The prophet's name "Hosea" appears in the Bible only at Hosea 1:1, 2; Romans 9:25. Assyria's rise to power posed a constant threat to Israel's national existence. Hosea's name symbolized the pressing need for national deliverance. His message pointed the nation to the deliverer (Hos. 13:4).
The Book The two broad divisions of the Book of Hosea are: (1) Hosea's Marriage, Hosea 1-3; and (2) Hosea's Messages, Hosea 4-14. A pattern of judgment followed by hope recurs in each of the first three chapters. The dominant theme of the book is love (covenant fidelity), God's unrelenting love for His wayward people and Israel's unreliable love for God.
The Prophet Hosea was from the Northern Kingdom of Israel. His familiarity with place names, religious practices, and political conditions in Israel suggests that he was a native. Hosea preached judgment with a broken heart.
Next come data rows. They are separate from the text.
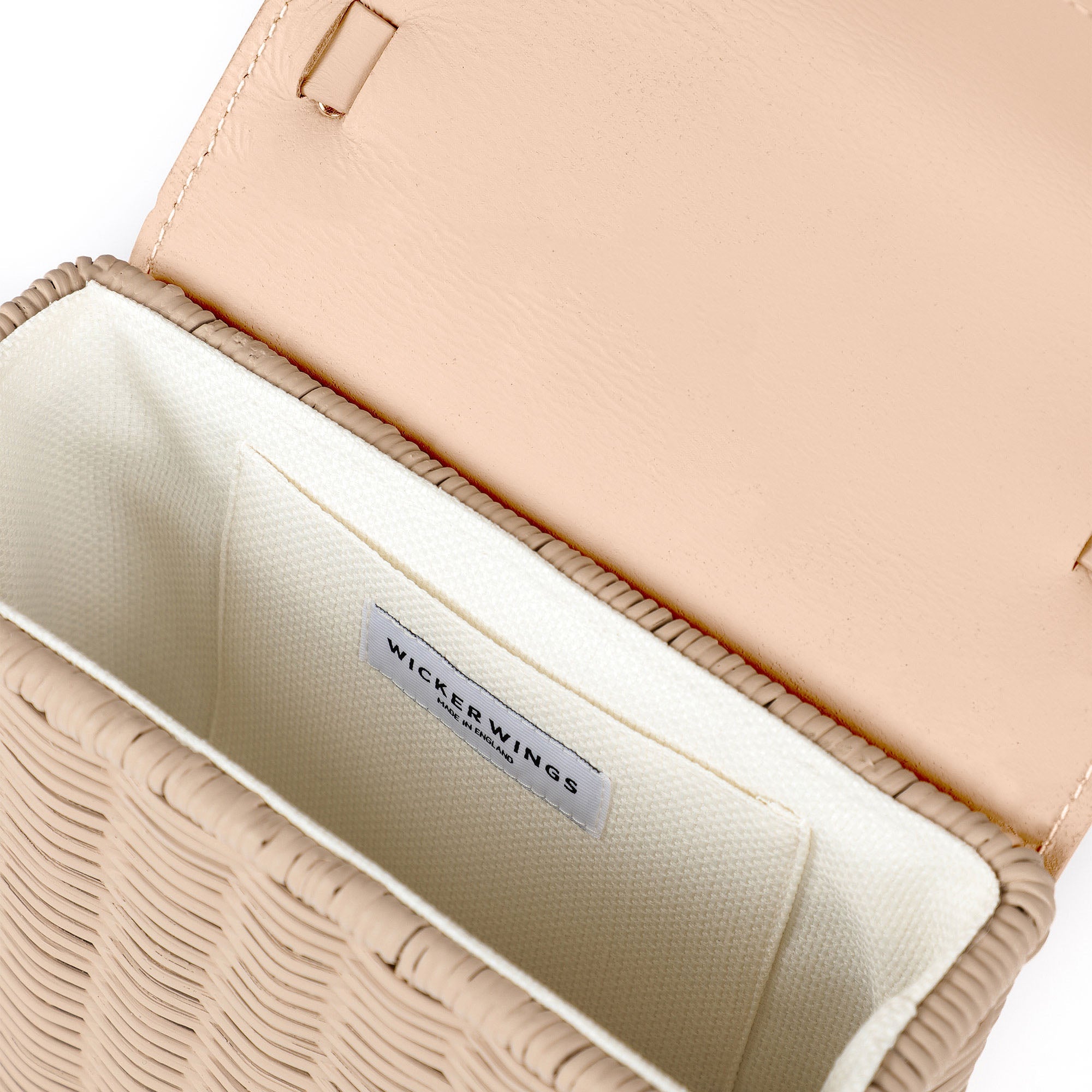 Kuai-Natural-Cream-Front-Wicker-Wings-Wicker-Bag-Bucket-Bag-Bags-for-Women-Designer-Handbags-Beach-Bag-Summer-Bag-Straw-Bag-Black-Bag-Crossbody-Bag-Mini-Bag-Leather-Handbags-Purse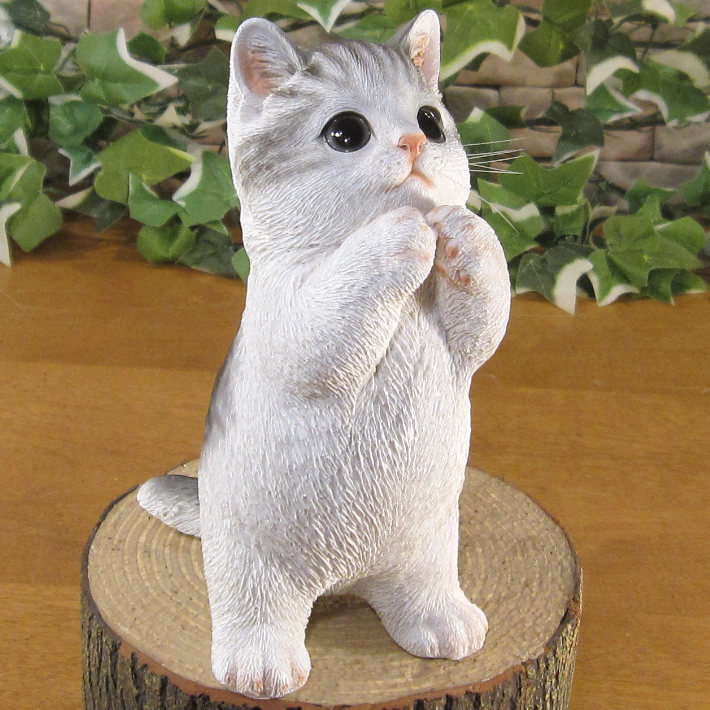 猫　置物 リアル　シンお願いキャット　１　ホワイト＆グレー　ネコ　動物オブジェ　ガーデン　オーナメント　店舗　カウンター　装飾　オブジェ　インテリア　玄関先　庭　ねこ好きさん人気ギフト　動物人気ギフト　クリスマスプレゼント　お誕生日祝い　母の日人気　父の日人気　敬老の日人気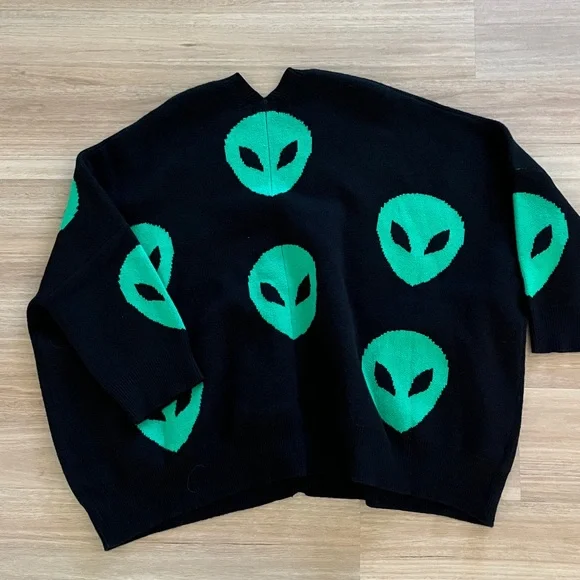 Too Cool For You Oversized Alien Cardigan - Picture 5 of 5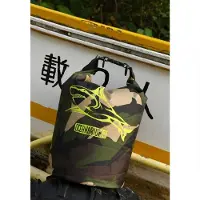 Oceanarium Great White Shark Camo Dry Sack 5l Groen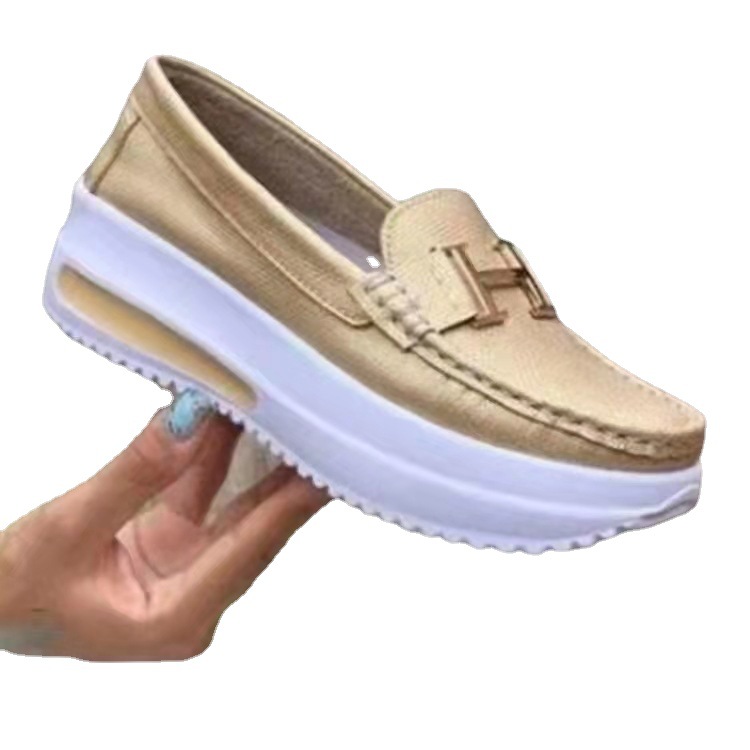 Large-sized women's shoes for foreign trade, casual soft-soled loafers, Korean student trend, one-step lazy shoes, bean shoes, large-sized Item Picture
Placement of Hosea's ministry in the days of Uzziah, Jotham, Ahaz, and Hezekiah indicates that he was a contemporary of Isaiah. Hosea's ministry continued from the last days of Jeroboam II to near the end of the Northern Kingdom (approximately 750-725 B.C.).
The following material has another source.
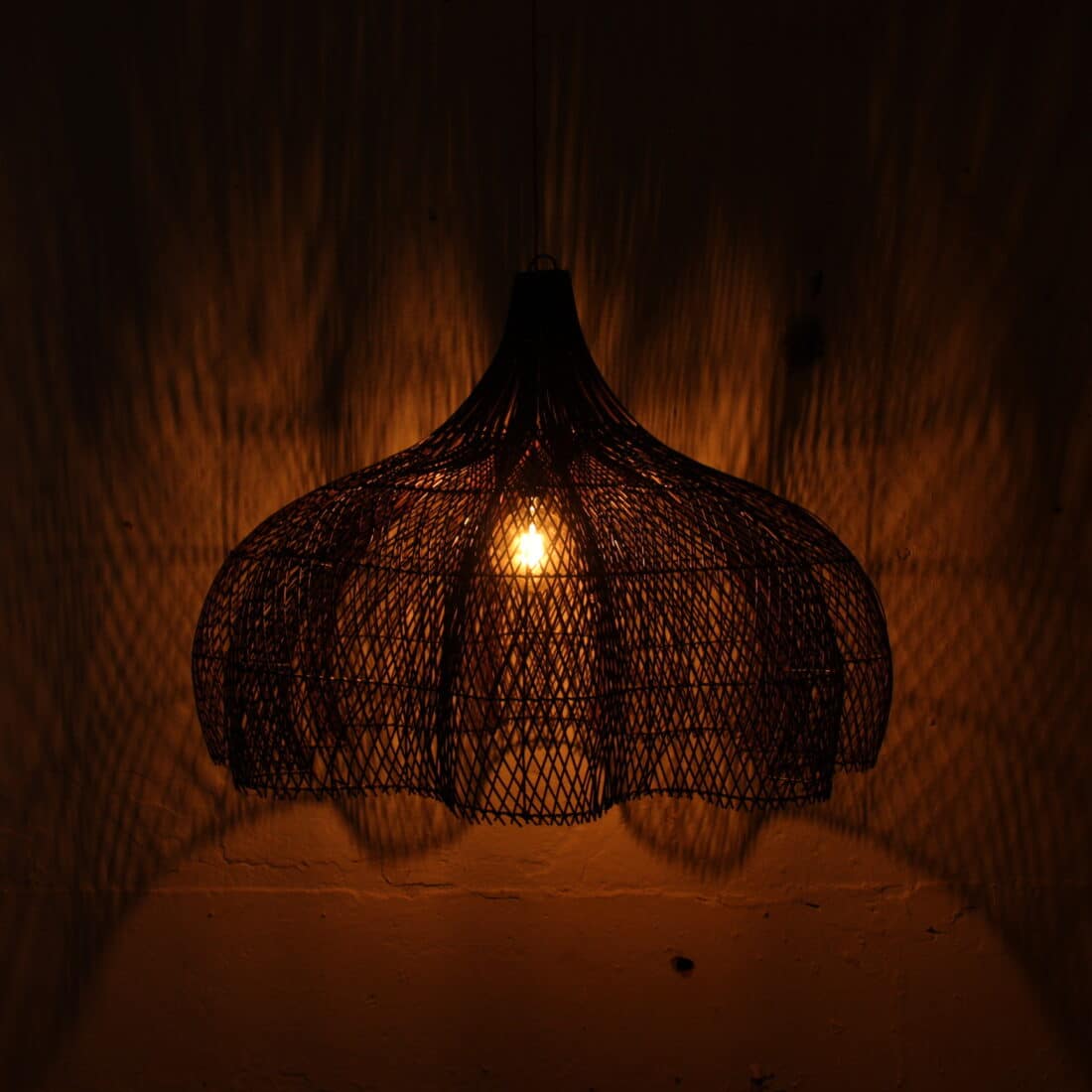 Rotan Hanglamp Bloem Bruin S Rotan Hanglamp Bloem Bruin S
Hosea's prophetic ministry included the period of Near Eastern history when Assyria emerged as a new world empire under the capable leadership of Tiglath-pileser III (745-727 B.C.). Hosea rebuked efforts at alliance with Assyria and Egypt as the means to national security. He witnessed the political chaos in Israel following the death of Jeroboam II. Four of the last six kings to sit on Israel's throne were assassinated. Hosea had the unenviable task of presiding over the death of his beloved nation, but he held out hope of national revival based on radical repentance (Hos. 14).
The Marriage Hosea's marriage and family life dominate chapters 1-3 and surface from time to time in the remainder of the book. References to Hosea's family serve as prophetic symbolism of God and His family Israel. God ordered Hosea to take a wife of harlotry and have children of harlotry "for the land hath committed great whoredom, departing from the Lord" (Hos. 1:2). Primary interest is not in Hosea and his family, but in God and His family. The interpretation of Hosea as normal literal leads us to believe the Hosea's marriage as an actual marriage to a cult prostitute. A loving man with a loving heart for his wife, and his people.
The Theology At the heart of Hosea's theology was the relationship between God and Israel. Yahweh alone was Israel's God. Israel was Yahweh's elect people. Hosea presented Yahweh as a faithful husband and Israel as an unfaithful wife. Hosea's stress is not upon righteousness and justice, but the knowledge of God and loyal love. God's love for Israel would not permit Him to give up on them in spite of their infidelity and lack of knowledge. Hope for Israel's future lay in their repentance and God's forgiveness and love that made Him willing to restore their relationship.